The Army has disclosed that it has cut 80,000 soldiers since 2010 and plans to reduce the force by another 40,000 by the end of 2017, bringing the total active number of troops to 450,000, according to a report to Congress that was recently released under a Freedom of Information Act (FOIA) request.
"Nearly every Army installation will experience reductions of some size," according to the report, which was obtained and released by the Federation of American Scientists (FAS).
It warns of a "permanent reduction of sizable numbers of members of the Armed Forces," which translates to a 21 percent total cut across the board.
"Significant structure cuts at overseas installations have already occurred," according to the report.

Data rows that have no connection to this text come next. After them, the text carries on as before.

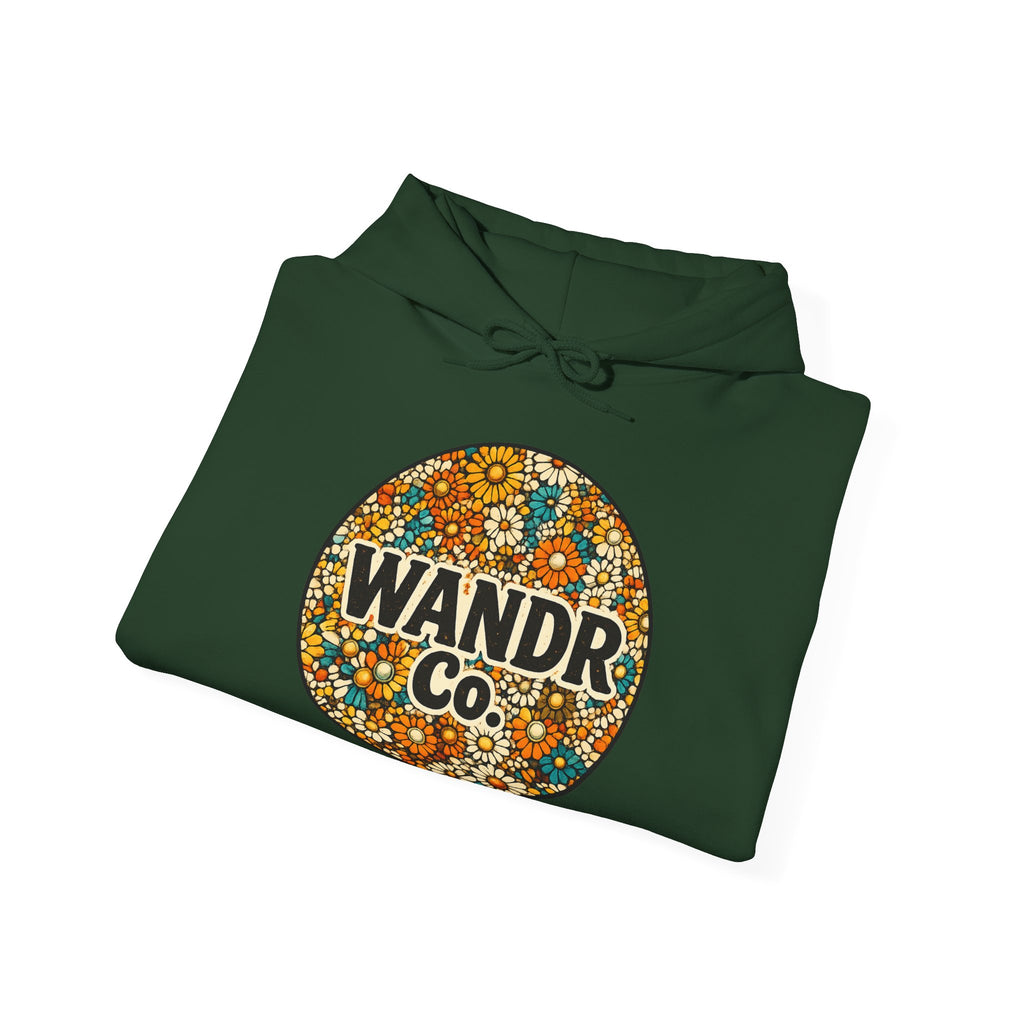 WANDR Co. Unisex Floral Logo Hoodie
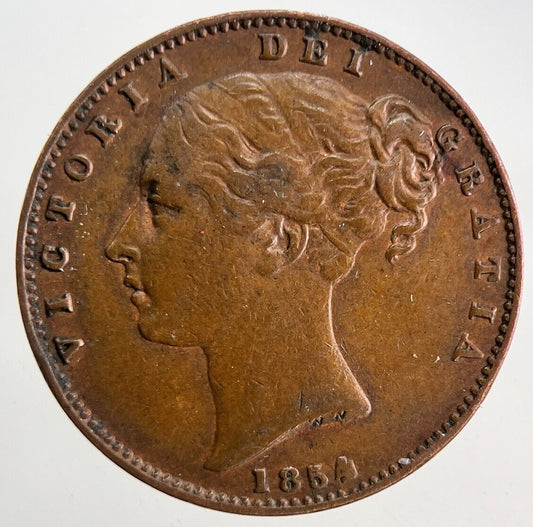 1854 Victoria Farthing Coin | Very High Grade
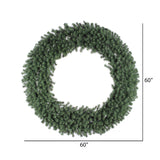 Vickerman 60" Unlit Douglas Fir Artificial Christmas Wreath with 900 PVC Tips - Outdoor Christmas Wreath - Traditional Green PVC Tips - Customize with Lights, Ornaments, Ribbons - 60" Diameter Vickerman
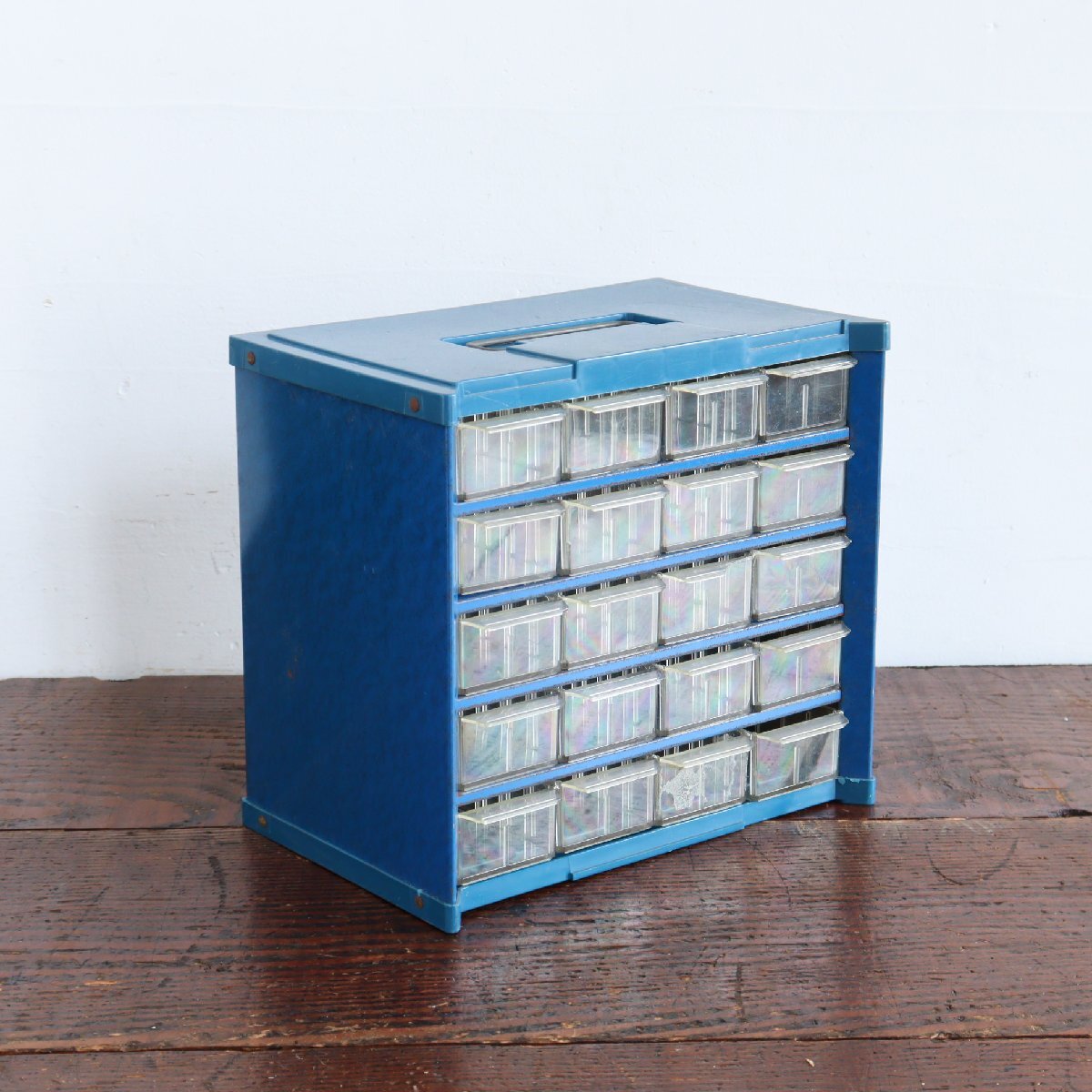 ヴィンテージ パーツキャビネット /アメリカ USA インダストリアル ガレージ 店舗什器 収納 ディスプレイ#702-16-55-512拍卖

The Army will be forced to further cut its budget in 2018 and beyond, according to the report
"These force structure reductions and the resulting impacts on installation populations could be significant to both military communities and to the defense posture of our nation."
At least six Army installations will see their forces cut by more than 1,000 soldiers, according to the report. These include Fort Benning in Georgia, Fort Bliss in Texas, Fort Hood in Texas, Joint Base Elmendorf-Richardson in Alaska, Joint Base Lewis-McChord in Washington, and Schofield Barracks in Hawaii.
The continuing cuts come as the military faces massive and ongoing budget cuts that have not only reduced the forces but have also impacted the purchase and maintenance of military hardware.
While experts have expressed concerns about the United States’ ability to combat threats across the globe on multiple fronts, the Army maintains that the reduced force will not harm its abilities.
"The Army will continue to be a force that can deploy and sustain capabilities across the range of military operations anywhere in the world on short notice," according to the report.
Still, "force structure reductions and the resulting impacts on installation populations could be significant to both military communities and to the defense posture of our nation," the Army says in the report.
An additional number of posts in the civilian Army workforce will also be eliminated by 2019, the report states.
The report includes an evaluation of the "the local economic, strategic, and operational consequences of the reductions at" the six installations mentioned above.
The cuts were spread "broadly" across the force "in terms of geography and organizationally," according to the report. "There simply was not one segment of the Army that could sustain the entirety of the cuts."
Soldiers will likely experience an interruption in their lives, though the Army is seeking to minimize this.
"The Army will employ all possible measures to minimize personnel turbulence (to both Soldiers and their Families) associated with the force structure reductions on the six installations in question," the report states. "There will be instances where Soldiers (and Families) will depart an installation on an accelerated timeline."
Local economies also will be impacted by the cuts. These include direct losses from government contract service jobs that will be cut, as well as "indirect job losses that would occur in the community because of a reduction in demand for goods and services."
Meanwhile, President Obama vetoed on Thursday a massive defense spending bill that would fund military operations across the globe and provide troops with a pay raise.